Batistuta25. 06. 2021 17:53:39
Heute habe ich diesen Weg bergauf begangen. Ich würde ihn als mittelschweres Gelände ohne Pfad beschreiben, definitiv für die mit Lust am Erkunden.
Bis zur Jagdhütte Mantova folgte ich dem hier beschriebenen Weg. Direkt hinter der Hütte, nach ca. 100 Metern, habe ich den Weg komplett verloren. Ich bin links und rechts gegangen, aber nicht gefunden. Man sieht, dass hier jeder seinen eigenen Weg geht, da mehrere getretene Pfade durch Gras sind. Ich habe mich orientiert, indem ich immer bergauf zwischen zwei Bächen ging, so kam ich auf den Schotterweg. Der nächste Abschnitt bis zur 'Wendestelle' ging wieder glatt.
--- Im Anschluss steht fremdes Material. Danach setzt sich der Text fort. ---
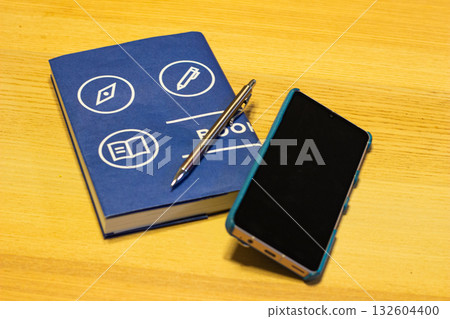 Book, smartphone and pen Book, smartphone and pen 132604400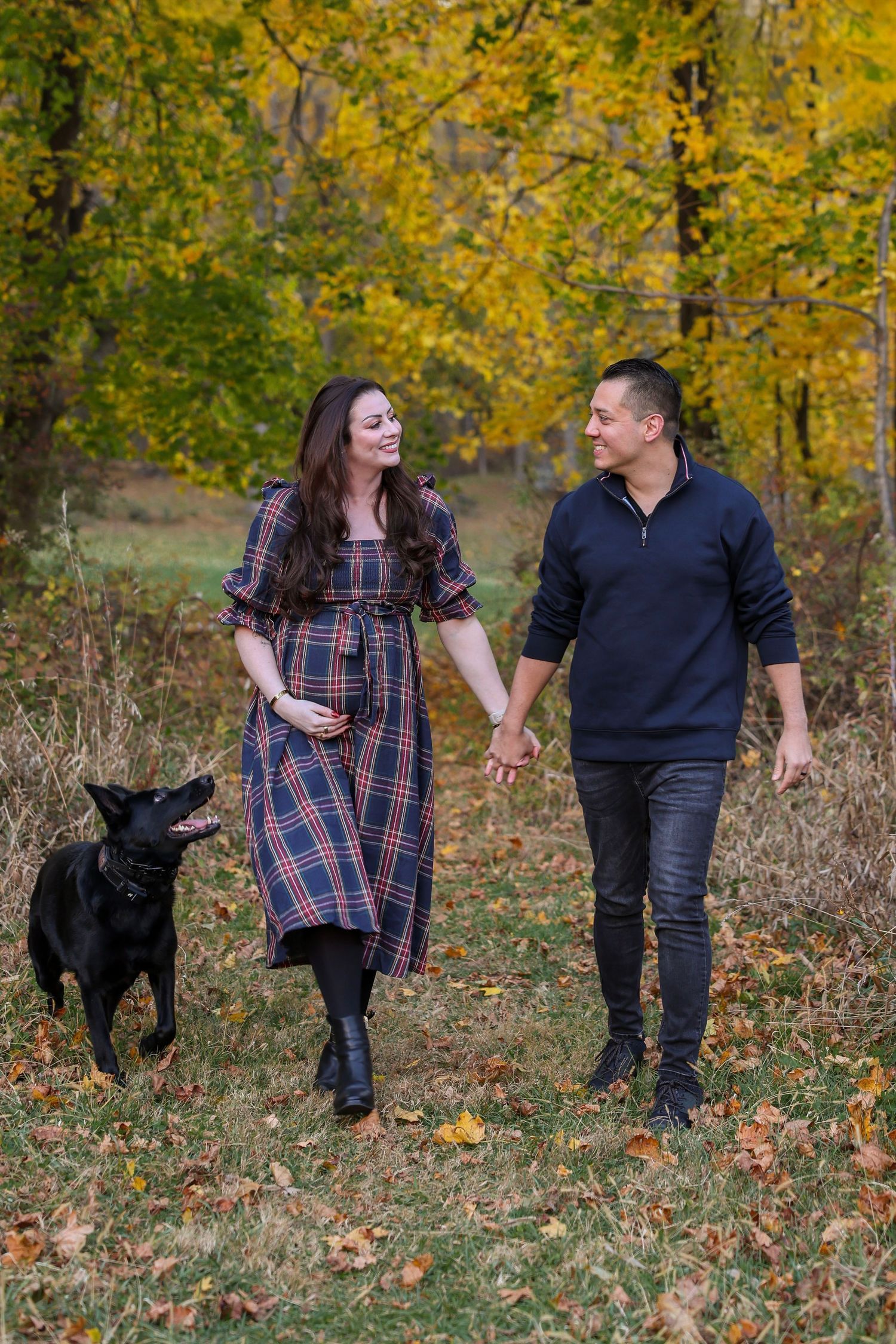 Pregnant couple holds hands walking with black dog among vibrant autumn foliage.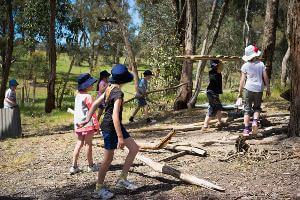 School students carrying logs for hut building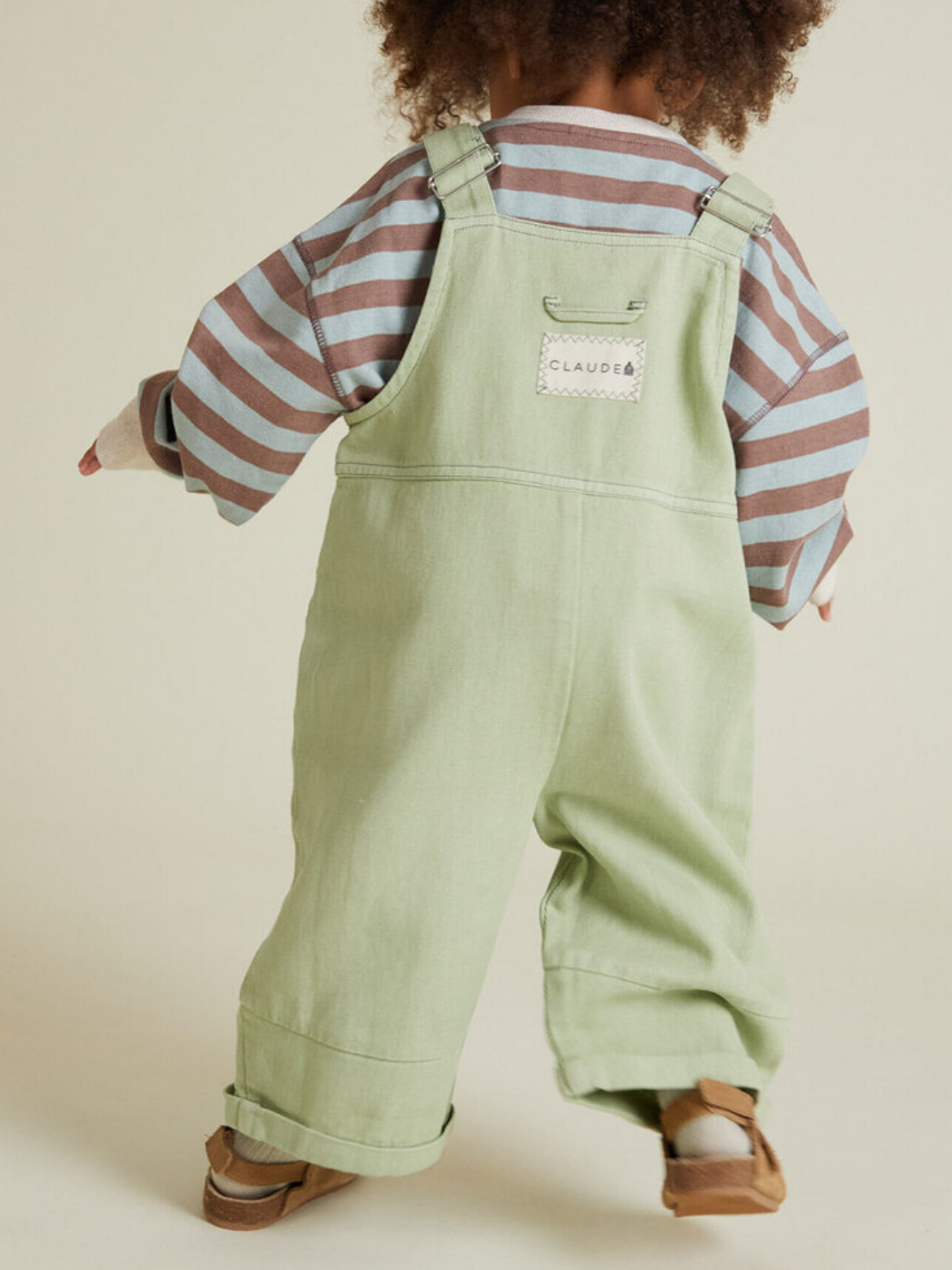 A young child wears the BLYTHE MINT DUNGAREE, paired with a striped long-sleeve shirt and brown shoes, standing with their back to the camera.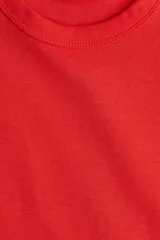 Remera roja de manga corta confeccionada en punto de algodón tupido, con cuello redondo ribeteado y acanalado.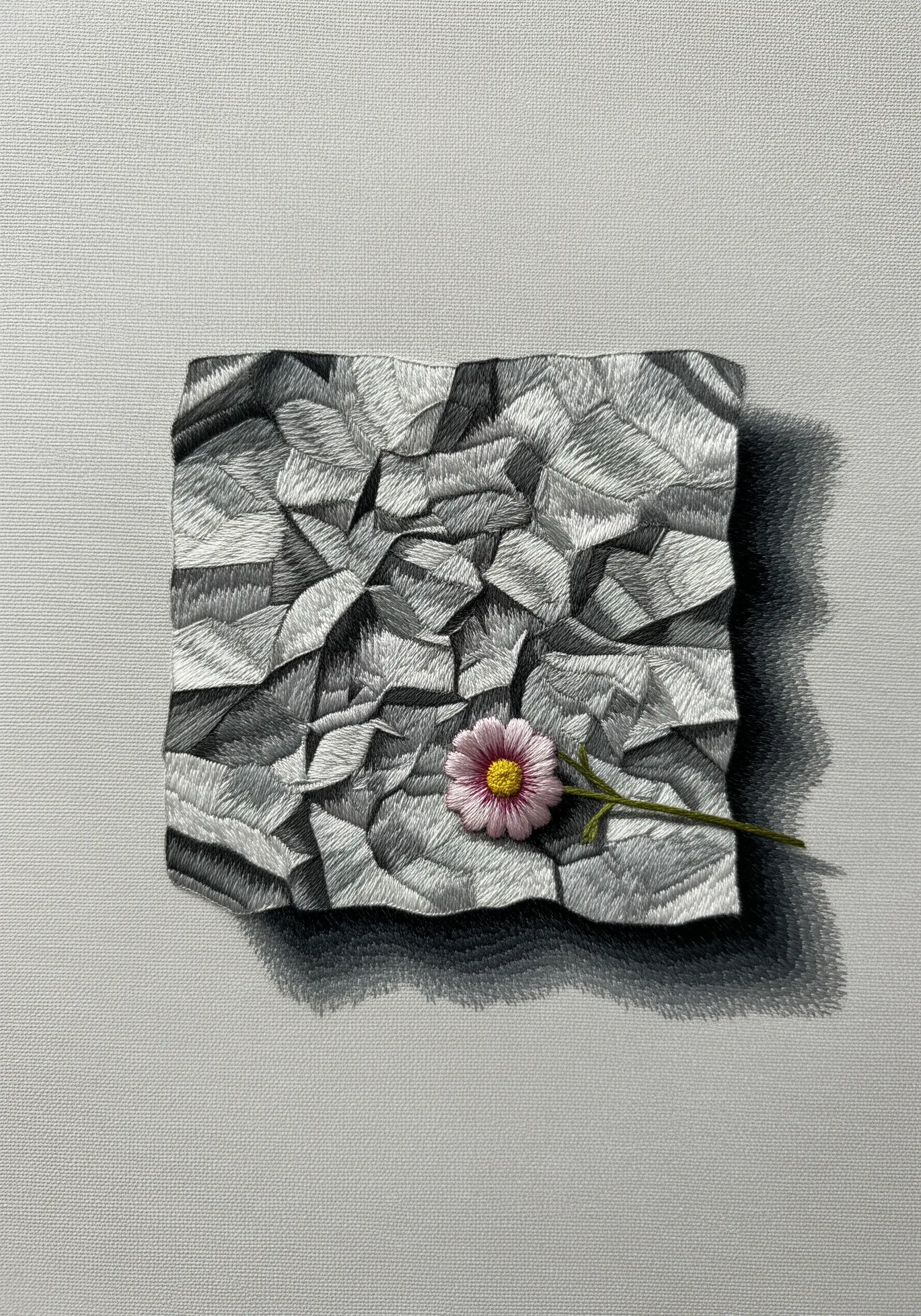 A hyper-realistic embroidery of a crumpled piece of paper with a single pink flower on top.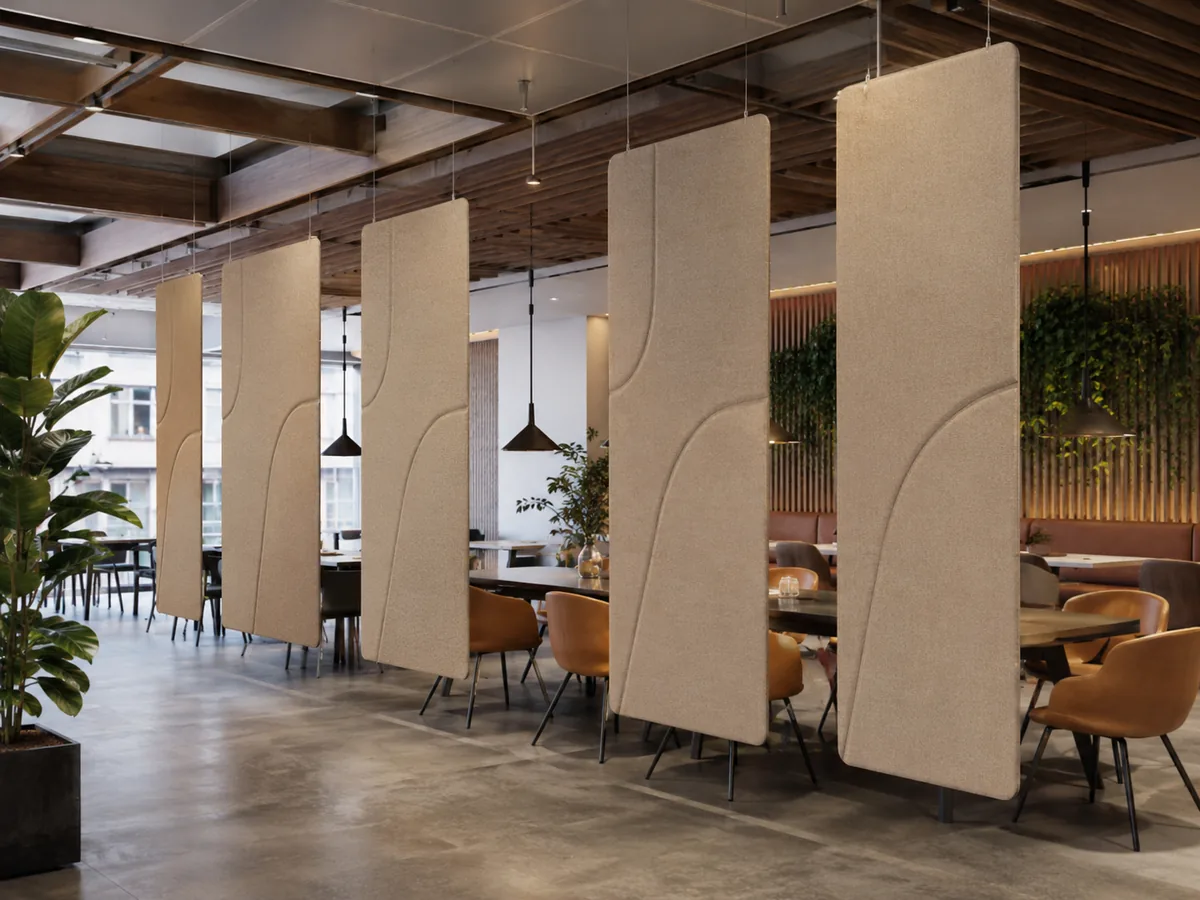 Suspended hanging acoustic dividers in a modern restaurant — beige fabric, ceiling-mounted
Hinter der Wendestelle fuhr ich auf der Fahrspur fort, die zu einem Pfad wurde, der plötzlich auf einer kleinen Lichtung verschwand. Diesmal ging ich steil bergauf durch sehr anspruchsvolles Gelände und kreuzte zuerst noch eine breite, grasbewachsene Fahrspur/verlassene Forststraße. Ich kreuzte sie und ging steil weiter bergauf. Endlich erreichte ich den markierten Weg von der Javornik-Alm. Dieser letzte Anstieg war durch hohes Gras, dichte Fichten und starkem Gefälle, teilweise unangenehm.
Ich stelle mir nicht vor, wie man den Ausstieg finden würde, wenn bergab. Bergab ging ich über Fevča, sehr leichter Weg auf Schotterstraßen.